Following the ALC’s submission of comments to the California State Assembly, several segments of the art and collectibles industry formed alliances to lobby for changes to AB-1570, and one bookseller filed a federal lawsuit challenging the statute. With the sponsorship of Senator Catherine Galgiani and Assemblyman Todd Gloria, the industry alliances introduced two bills (Senate Bill 579 and Assembly Bill 228 [“AB-228”]), each of which proposed modifications to the problematic language discussed above. Aspects of both bills were ultimately merged into AB-228 [Ch. 696, Stat. 2017], which was approved by California Governor Jerry Brown on October 12, 2017, effective in replacing AB-1570 immediately, with certain new requirements for sellers set to take effect on January 1, 2018.
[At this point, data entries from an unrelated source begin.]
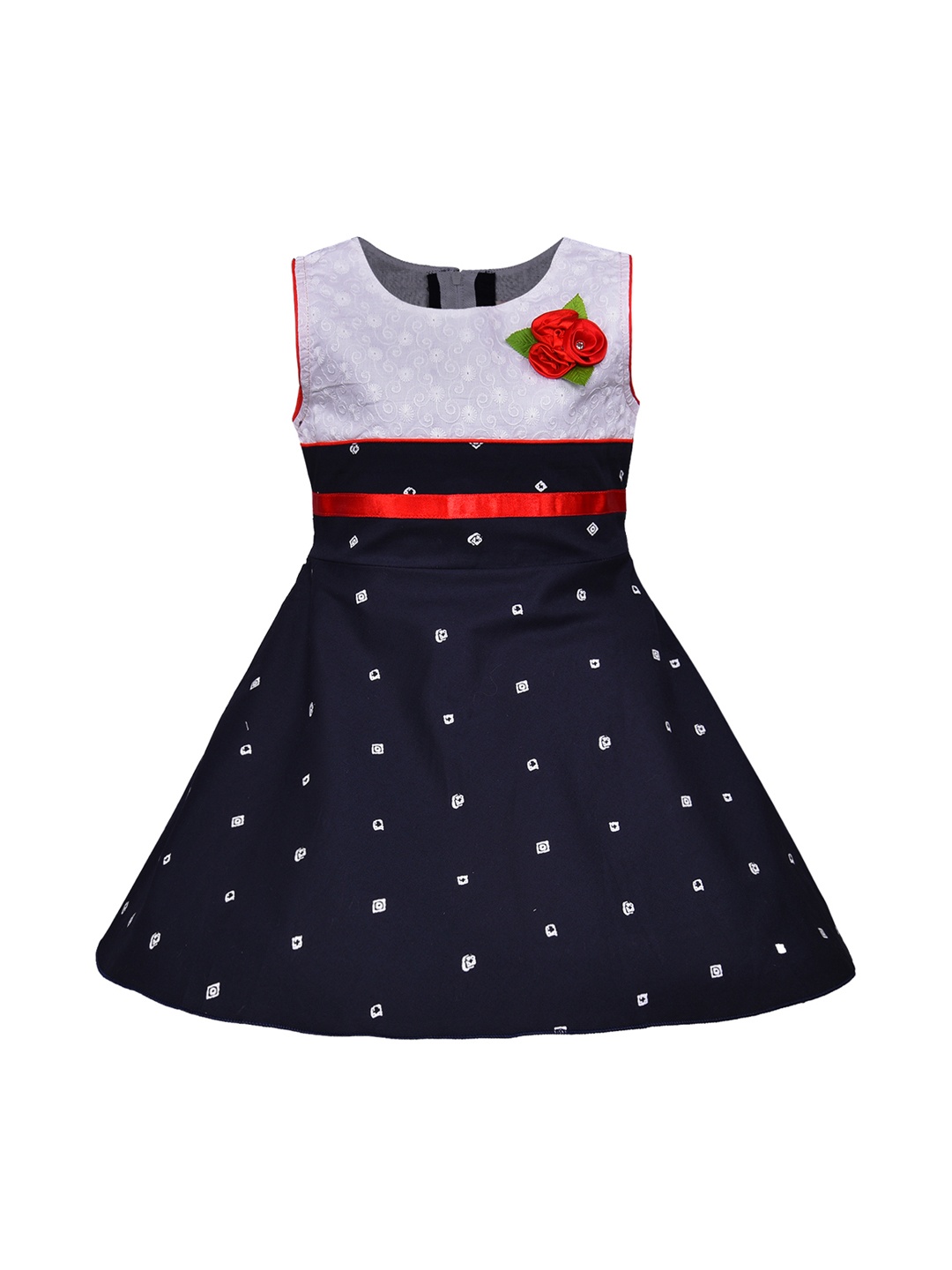 

Wish Karo Girls Navy Blue & White Printed Fit and Flare Dress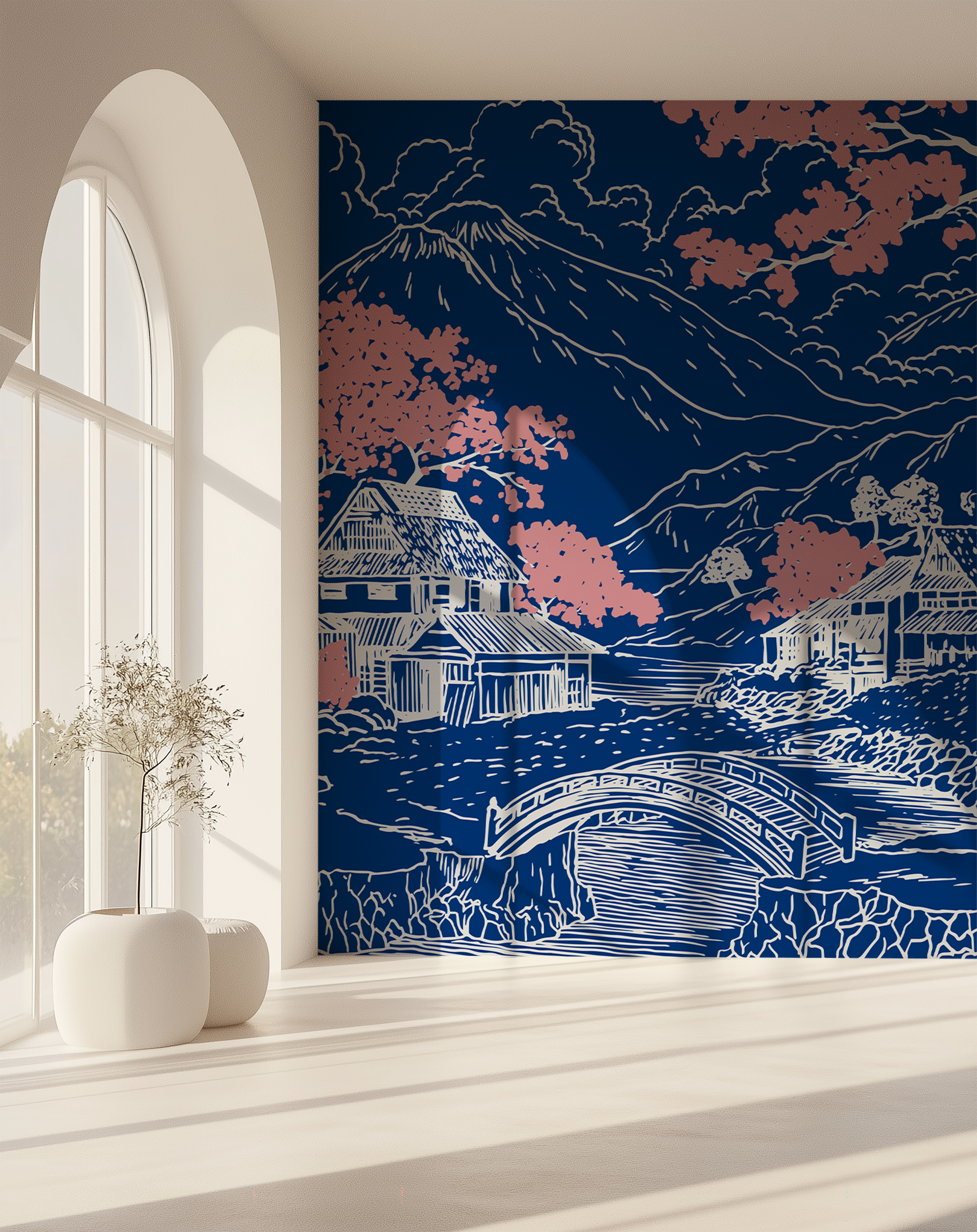 Sakura Mount Fuji Japanese wallpaper with cherry blossoms and traditional landscape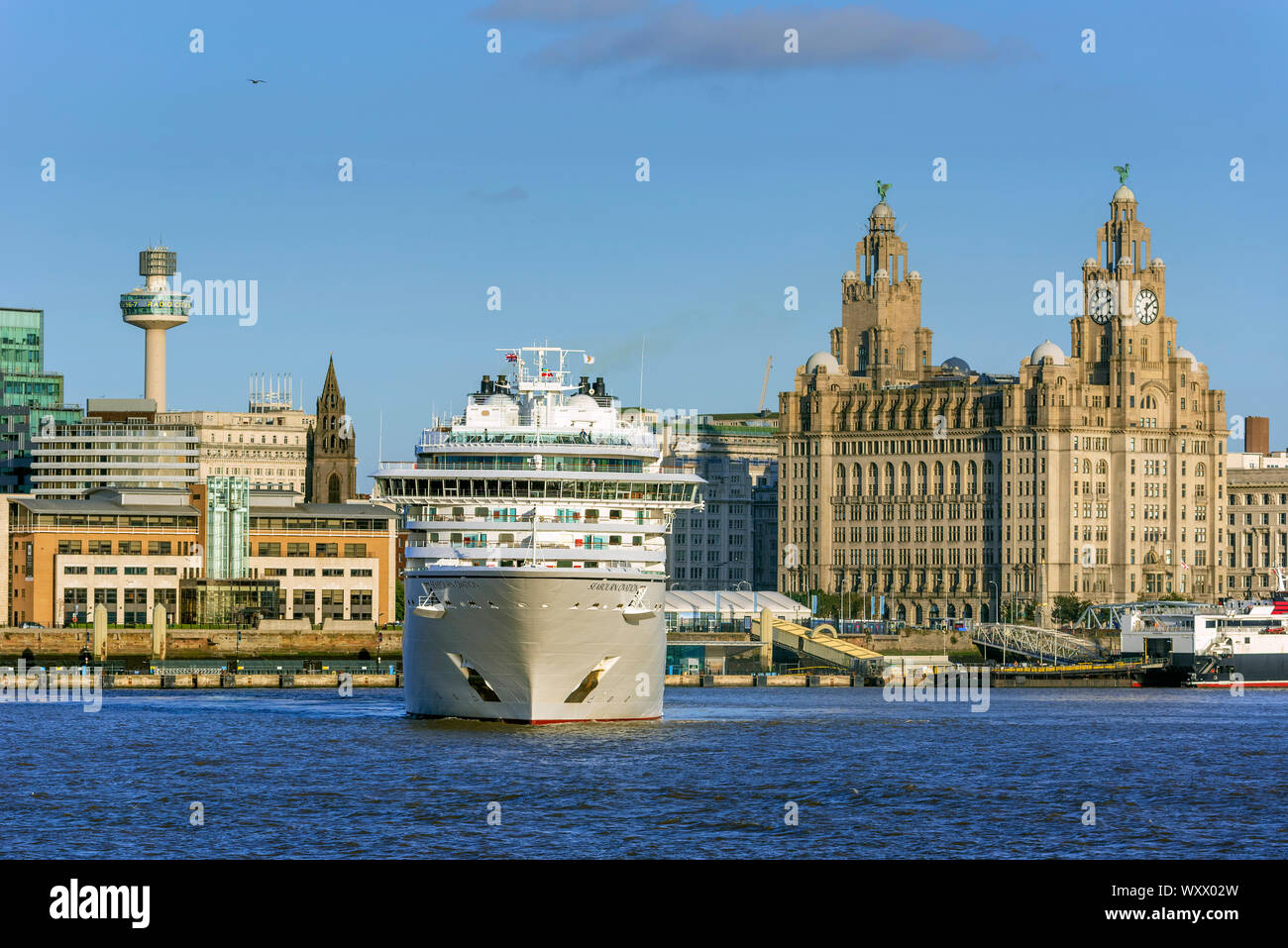 Liverpool waterfront in der Abendsonne mit Cruise lner Seabourn Ovation. Mersey Fähre die Schneeglöckchen. Dazzle Fähre das Royal Liver Building. Stockfoto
AB-228 preserves AB-1570’s fundamental consumer protection objective by providing that regulated sellers must make an express warranty as to the authenticity of items of regulated memorabilia, but improves upon the prior law’s language by, inter alia:

  • narrowing the class of regulated memorabilia specifically to sports and entertainment memorabilia, with explicit exclusions for fine art, decorative objects, books, and manuscripts;
  • establishing a higher value threshold for regulated memorabilia ($50, raised from $5);
  • narrowing the class of regulated sellers to exclude the consignors on whose behalf auctioneers act as agents;
  • eliminating AB-1570’s ambiguous “in or from the state of California” language—the law is now silent as to geographic scope, and although proposals for more explicit language limiting its application to only those sales physically conducted in California were rejected, the removal of the language that could have been interpreted as capturing sales physically conducted outside the state is a significant improvement (and attempts by civil litigants to pursue claims arising from out-of-state sales would be vulnerable to jurisdictional defects as well as to challenges on the basis of the Dormant Commerce Clause issue addressed by the Sam Francis decision);
  • replacing AB-1570’s “certificate of authenticity” requirement with an express warranty requirement, and clarifying the required content of such warranty (including to acknowledge that a seller must only identify a witness to an item’s signature if known/applicable);
  • replacing certain disclosure provisions with a requirement that regulated seller-agents retain records of their principals’ names and addresses for possible disclosure pursuant to discovery requests in civil disputes; and
  • reducing the civil penalties applicable to the provision by regulated sellers—replacing the prior law’s unprecedented ten-times-actual-damages measure with a graduated scale (ranging from $1,000 to the greater of $5,000 or three-to-five-times-actual-damages, plus attorneys’ fees and other costs in certain cases).

The City Bar and the ALC are pleased to have helped inform this successful lobbying initiative.

Megan E. Noh is a member of the City Bar’s Art Law Committee and a Partner at Cahill Cossu Noh & Robinson.